--- EXERCISE DESCRIPTION ---
What is needed is an exact copy of the lines in the entries below from the one holding "Green leaves on" through the one holding "High Quality Silicone", pictures excluded.

--- SUPPLIED RECORDS ---
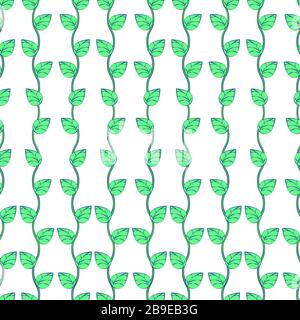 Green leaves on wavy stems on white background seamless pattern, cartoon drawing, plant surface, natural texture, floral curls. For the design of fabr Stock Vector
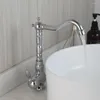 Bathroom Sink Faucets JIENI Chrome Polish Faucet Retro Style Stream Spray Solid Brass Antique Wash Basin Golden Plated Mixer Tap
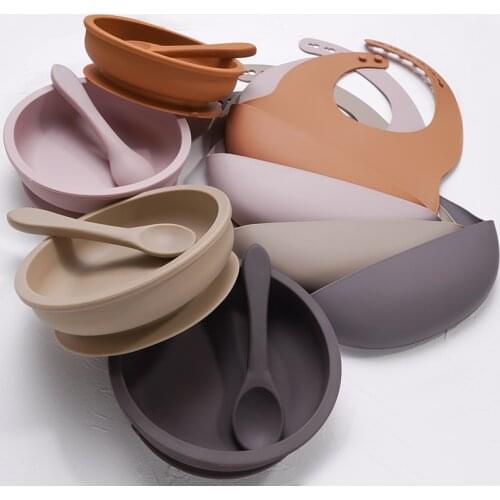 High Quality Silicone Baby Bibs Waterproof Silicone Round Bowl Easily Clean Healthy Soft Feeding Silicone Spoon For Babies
--
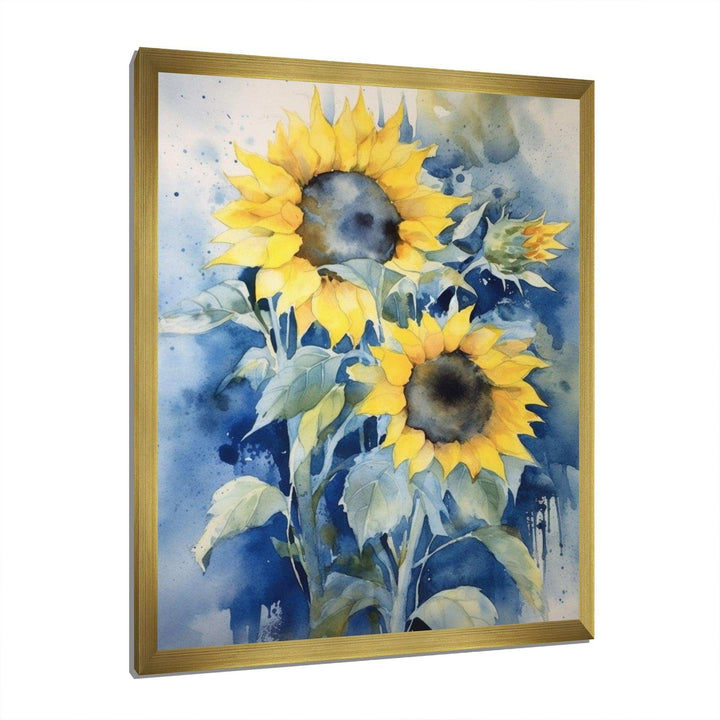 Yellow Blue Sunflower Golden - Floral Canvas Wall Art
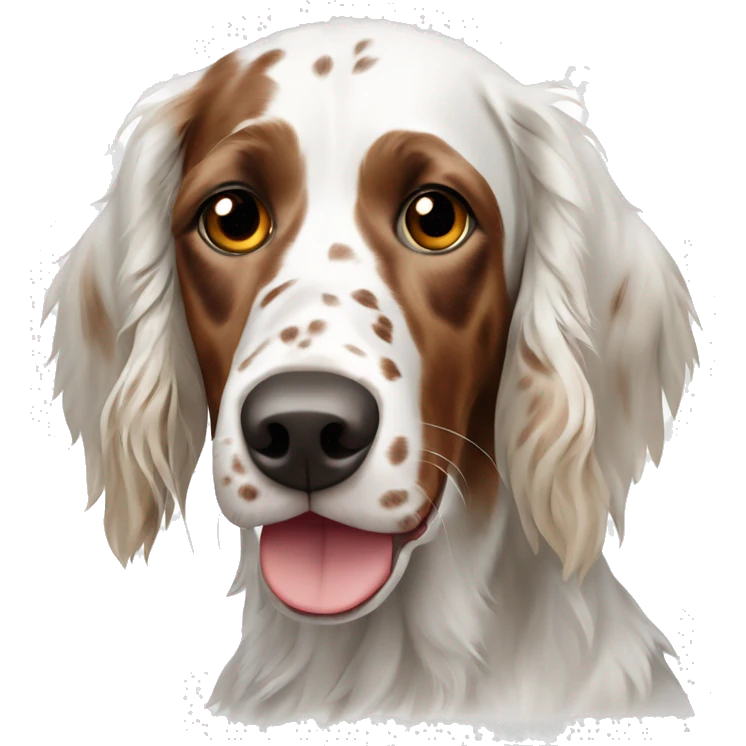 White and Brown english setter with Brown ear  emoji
--
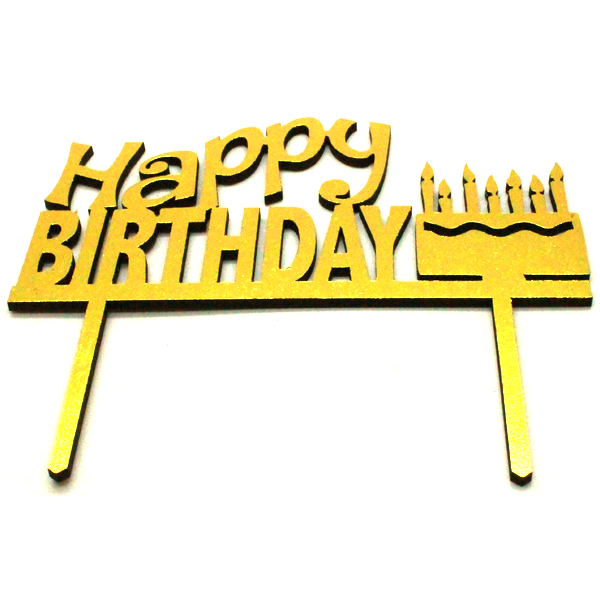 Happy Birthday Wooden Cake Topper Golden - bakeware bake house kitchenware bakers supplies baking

--- TASK SOLUTION ---
 Green leaves on wavy stems on white background seamless pattern, cartoon drawing, plant surface, natural texture, floral curls. For the design of fabr Stock Vector
 Bathroom Sink Faucets JIENI Chrome Polish Faucet Retro Style Stream Spray Solid Brass Antique Wash Basin Golden Plated Mixer Tap
 High Quality Silicone Baby Bibs Waterproof Silicone Round Bowl Easily Clean Healthy Soft Feeding Silicone Spoon For Babies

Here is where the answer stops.